The MCG is listed on the Victorian Heritage Register and was included on the Australian National Heritage List on 26 December 2005.[2] It is referred to within Victoria as the "Spiritual Home of Australian Sport".
Early history[]
Founded in November 1838 the Melbourne Cricket Club (MCC) selected the current MCG site in 1853 after previously playing at several grounds around Melbourne. The club’s first game was against a military team at the Old Mint site, at the corner of William and Latrobe Streets. Burial Hill (now Flagstaff railway station) became its home ground in January 1839, however, the area was already set aside for Botanical Gardens and the club was moved on in October 1846, to an area on the south bank of the Yarra about where the Herald and Weekly Times building is today. Unfortunately, the area was subject to flooding forcing the club to move again, this time to a ground in South Melbourne.
It was not long before the club was forced out again, this time because of the expansion of the railway. The South Melbourne ground was in the path of Victoria’s first steam railway line from Melbourne to Sandridge (now Port Melbourne). Governor La Trobe offered the MCC a choice of three sites; an area adjacent to the existing ground, a site at the junction of Flinders and Spring Streets or a ten-acre (about 4 hectares) section of the Government Paddock at Richmond next to Richmond Park.
This last option, which is now Yarra Park, had been used by Aborigines until 1835. Between 1835 and 1853 it was an agistment area for colonial troopers’ horses. In 1850 it was part of a 200 acre (81 ha) stretch set aside for public recreation extending from Governor La Trobe’s Jolimont Estate to the Yarra River. By 1853 it had become a busy promenade for Melbourne residents.

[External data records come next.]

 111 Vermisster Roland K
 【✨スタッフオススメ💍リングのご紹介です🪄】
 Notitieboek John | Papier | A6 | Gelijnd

An MCC sub-committee chose the Richmond Park option because it was level enough for cricket but sloped enough to prevent inundation. That ground was located where the Richmond, or outer, end of the current MCG is now.
At the same time the Richmond Cricket Club was given occupancy rights to six acres (2.4 hectares) for another cricket ground on the eastern side of the Government Paddock.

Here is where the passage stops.